Could you write out the whole listing exactly as it appears?

**DATA BLOCK**.
---

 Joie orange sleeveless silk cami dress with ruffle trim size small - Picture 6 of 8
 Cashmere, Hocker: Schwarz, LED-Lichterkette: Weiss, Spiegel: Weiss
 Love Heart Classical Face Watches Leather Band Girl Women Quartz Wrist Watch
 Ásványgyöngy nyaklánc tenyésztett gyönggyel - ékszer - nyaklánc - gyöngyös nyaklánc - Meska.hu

---

**ANSWER TO THIS TASK**.
 Joie orange sleeveless silk cami dress with ruffle trim size small - Picture 6 of 8
 Cashmere, Hocker: Schwarz, LED-Lichterkette: Weiss, Spiegel: Weiss
 Love Heart Classical Face Watches Leather Band Girl Women Quartz Wrist Watch
 Ásványgyöngy nyaklánc tenyésztett gyönggyel - ékszer - nyaklánc - gyöngyös nyaklánc - Meska.hu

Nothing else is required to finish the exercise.